4 Ways Leaders Can Handle Criticism

If you’re leading then you will encounter critics. During the times you’re criticized you can either chose to move past what has happened or allow it to prevent you from moving forward. I have witnessed people who have allowed criticism to prevent them from achieving and moving forward. The truly successful people have learned to handle criticism and allow it to raise them to new heights. Below are 4 ways to handle criticism:

1. Know and expect it to happen- The first step in handling criticism successfully is to know it will happen. This is especially true for those who are reaching toward their potential and dreams. This is because many people resist moving past average and try to stop others from doing the same thing. Knowing you will be criticized can prepare you for when it does happen.

2. Embrace it- It requires wisdom to embrace the truths of the criticism while discarding the false or negative. Most of the time there is truth behind the criticism. It is important to choose to learn and grow from what the person is saying. New York Times Bestselling author Hendrie Weisinger said, “Criticism is information that will help you grow.” This happens when we separate the positive from the negative and retain the information that will help us become better.

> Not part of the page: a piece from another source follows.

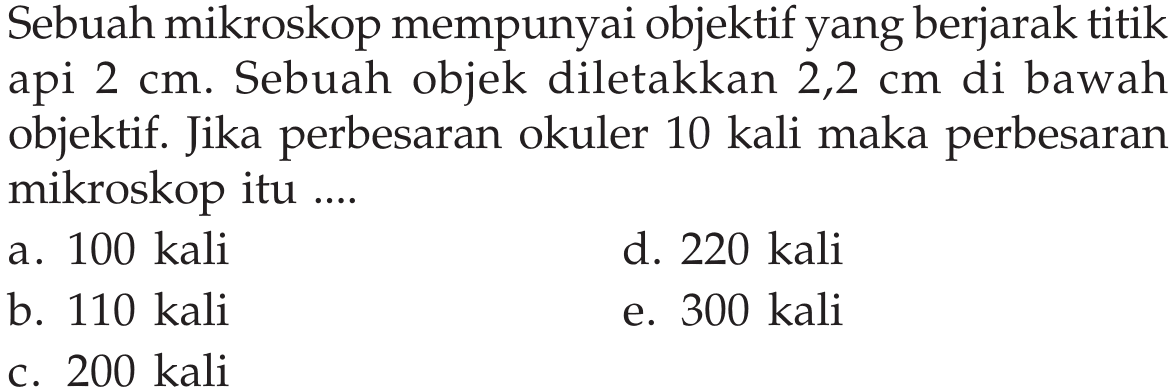 Sebuah mikroskop mempunyai objektif yang berjarak titik api 2 cm. Sebuah objek diletakkan 2,2 cm di bawah objektif. Jika perbesaran okuler 10 kali maka perbesaran mikroskop itu ....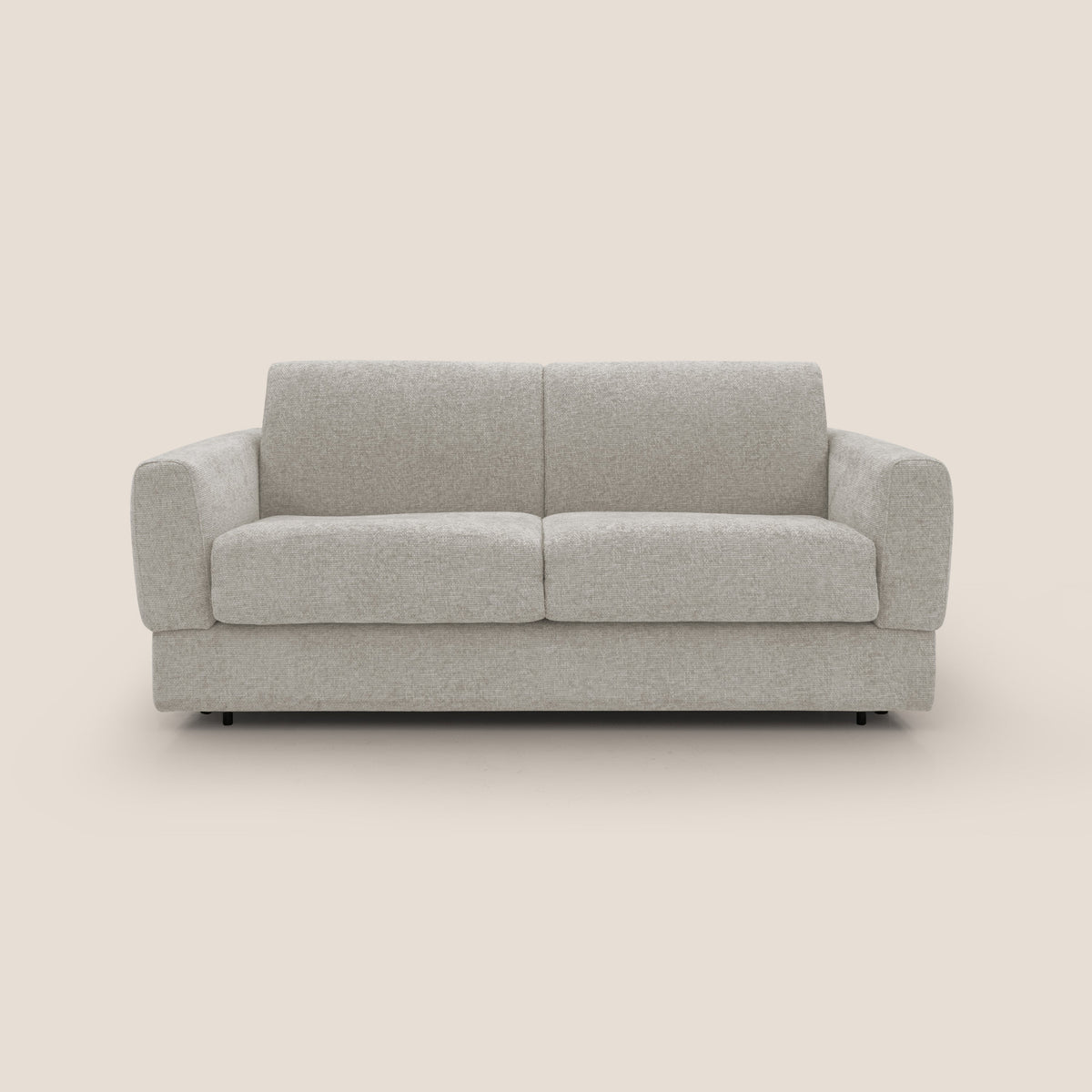 Happy Divano letto matrimoniale con materasso h18 cm in tessuto impermeabile T10 panna - divitt.sbs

3. Don’t react to the critic- The challenging part about being criticized is to not react negatively toward the critic (Click here to tweet that). It’s human nature to protect self and attack back when we are being criticized or attacked. When a person reacts negatively toward a critic it only causes more problems. Remember, “He who throws dirt always loses ground”~Unknown. When being criticized I suggest you take a breath then chose your words carefully.

4. Move forward- After embracing and learning from the criticism then chose to move forward. Don’t allow what has been said or done to hold you back from a better tomorrow. A support team of trusted family members and friends can help you better handle criticism. This is because they can encourage, support, and life you up after you have been criticized.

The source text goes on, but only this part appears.